1

I'm reading in a bunch of csv files into one large dataframe. The code below works but it gives a weird warning which I'm not sure if I should do anything about it.

import pandas as pd
import glob

# List of folders

folders = [
(202206, r"\\a..."),
(202207, r"\\a..."),
(202208, r"\\a..."),
(202209, r"\\a..."),
(202210, r"\\a..."),
(202211, r"\\a..."),
(202212, r"\\a..."),
(202301, r"\\a...")
]

columns = ['A','B','C','D']

topline = 3

# Loop through folders and append each mpf into a dataframe

list_df = []

for folder in folders:
    csv_files = glob.glob(folder[1])
    for file in csv_files:
        temp_df = pd.read_csv(file, header=topline, skip_blank_lines=True, usecols=columns)
        # tilde removes the Nans and junk at the bottom of the file
        df = temp_df[~temp_df[columns[0]].isna()]
        df['period'] = folder[0]
        list_df.append(df)
    
data = pd.concat(list_df, axis=0, ignore_index=True)

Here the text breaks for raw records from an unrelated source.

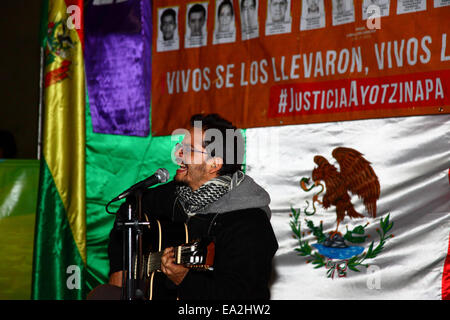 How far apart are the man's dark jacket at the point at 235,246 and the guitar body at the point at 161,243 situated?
88 millimetres

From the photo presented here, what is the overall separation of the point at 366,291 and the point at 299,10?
1.65m

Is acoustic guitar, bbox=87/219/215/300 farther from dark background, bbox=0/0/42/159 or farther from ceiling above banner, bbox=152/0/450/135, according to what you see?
dark background, bbox=0/0/42/159

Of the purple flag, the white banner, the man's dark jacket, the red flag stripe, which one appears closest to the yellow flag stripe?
the purple flag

It gives the following warning:

<ipython-input-17-79f98aa2c09a>:11: SettingWithCopyWarning: 
A value is trying to be set on a copy of a slice from a DataFrame.
Try using .loc[row_indexer,col_indexer] = value instead

See the caveats in the documentation: https://pandas.pydata.org/pandas-docs/stable/user_guide/indexing.html#returning-a-view-versus-a-copy
  df['period'] = folder[0]

Can someone explain what this means and should I be concerned. I read the linked page and couldn't make sense of it or how it relates to what I'm doing.

Zain
  • 95
  • 6
  • 1
    This is just a warning because you are setting values on a copy of a slice of a DataFrame, because it can be a source of bug later in your program, I will make an answer – Saxtheowl Mar 18 '23 at 15:18
  • 2
    This is a very common question that everyone encounters sooner or later. This discussion has many good answers on how to avoid it: https://stackoverflow.com/questions/20625582/how-to-deal-with-settingwithcopywarning-in-pandas – Vincent Rupp Mar 18 '23 at 15:22

1 Answers1

1

The warning you are seeing, is just a warning because you are setting values on a copy of a slice of a DataFrame, because it can be a source of bug later in your program

if you want to avoid this warning use .loc instead to set the value directly on the original dataframe, this way you can be sure that it set the value on the original dataframe instead of a copy of a slice

temp_df.loc[~temp_df[columns[0]].isna(), 'period'] = folder[0]
df = temp_df[~temp_df[columns[0]].isna()]
Saxtheowl
  • 4,136
  • 5
  • 23
  • 32